Me encogí de hombros.

—Cuando era un niño lo creía.

—Porque lo narraban como algo verdadero, y porque las pinturas y esculturas del Faraón en actitud fiera en combate o como experimentado cazador lo confirmaban. Lo cierto es que era casi tan débil como Akh. —Me guiñó un ojo—. Pero algo más guapo, y eso sí, con el carácter de un león herido. Dile a tu padre que te hable de los faraones recientes. Le encantará hablarte de eso y a ti te sorprenderá.

—¿Y por qué no me lo contáis vos?

—Porque tu padre se exalta cuando se toca ese tema, y para ti es una gran ocasión de verlo perder los estribos.

Reímos. Yo me acerqué a un rincón.

—Os traigo un regalo que rescaté de Akhetatón. Yo no conseguiré mantenerlo intacto, pero vos sí.

Le mostré el busto de Nefertiti. El anciano tembló de pies a cabeza y acabó sonriendo.

—Es magnífico. Me dará fuerzas para seguir aguantando la rabia y la impotencia.

Le abracé.

—No tenéis razón para aburriros, pues hay mucho trabajo que hacer, aunque desde posiciones distintas. Y aún os queda sangre en las venas como para no rechazar un trabajo de tal importancia.

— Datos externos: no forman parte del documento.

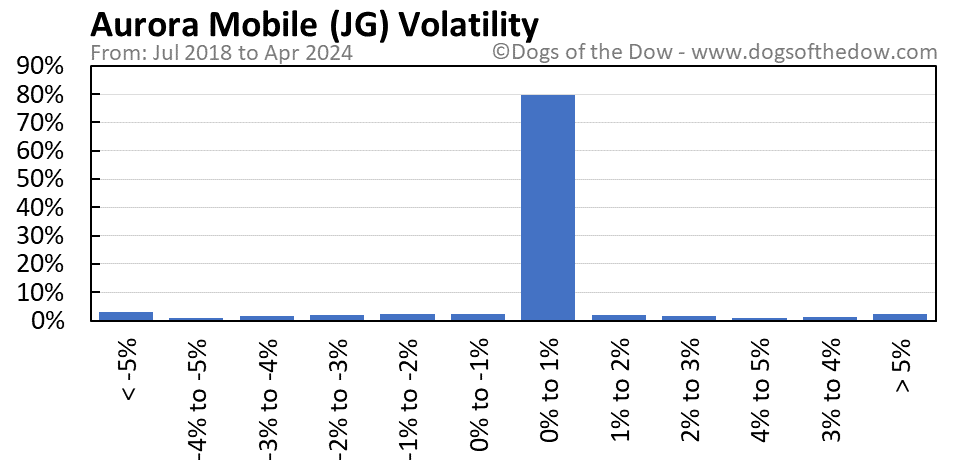 JG volatility chart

Cuando me iba ya, me retuvo.

—Pi, escucha. Aunque Tut haya tomado como esposa real a AnkhesepAmón (me sorprendí al oír el nombre de Ankhesep convertido a la nueva fe, aunque cabía esperarlo), sigue pensando en Nefertiti día y noche, tanto porque la desea como por la frustración de que se la quitaras de las manos. En cuanto se entere de que estás vivo, que se enterará, pues tiene ojos y oídos en todas partes, en especial en el ejército, al que teme y del que desconfía, te buscará hasta encontrarte. Y tarde o temprano te encontrará. Así que prepárate para ese momento.

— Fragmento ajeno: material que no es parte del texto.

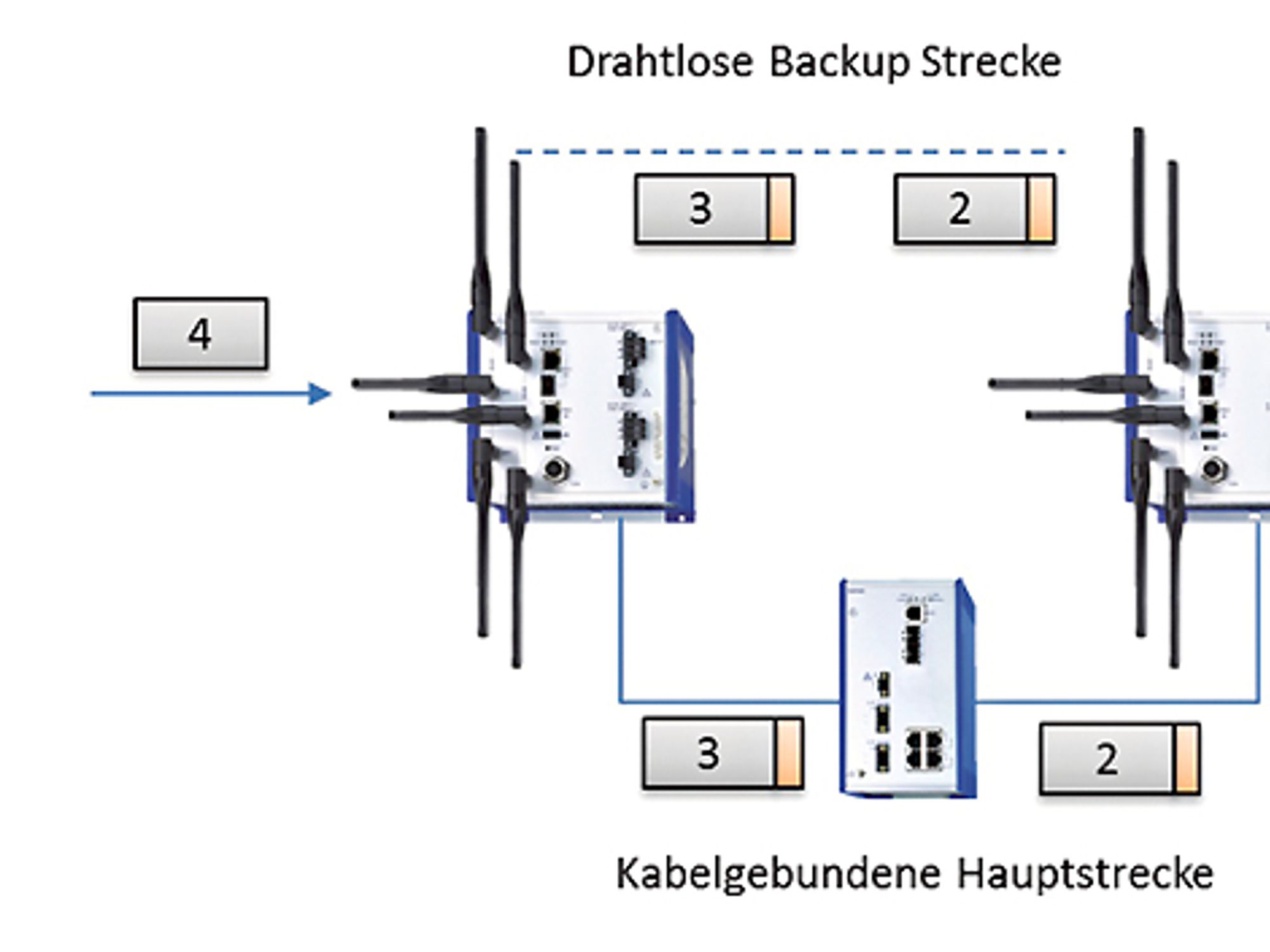 Kabelgebundene Strecke mit einer drahtlosen Backup-Strecke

Asentí agradecido por su advertencia.

—Gracias. Mientras luche con mi padre, estaré a salvo, y si vuelvo como un héroe militar a Tebas, tal vez no le resulte tan fácil deshacerse de mí.

—Sí, pero cuídate. Son muchos condicionantes.

Ahora sí nos despedimos. Me procuró algunos bienes para intercambiar, un par de caballos y una acreditación falsa para viajar con una nueva identidad.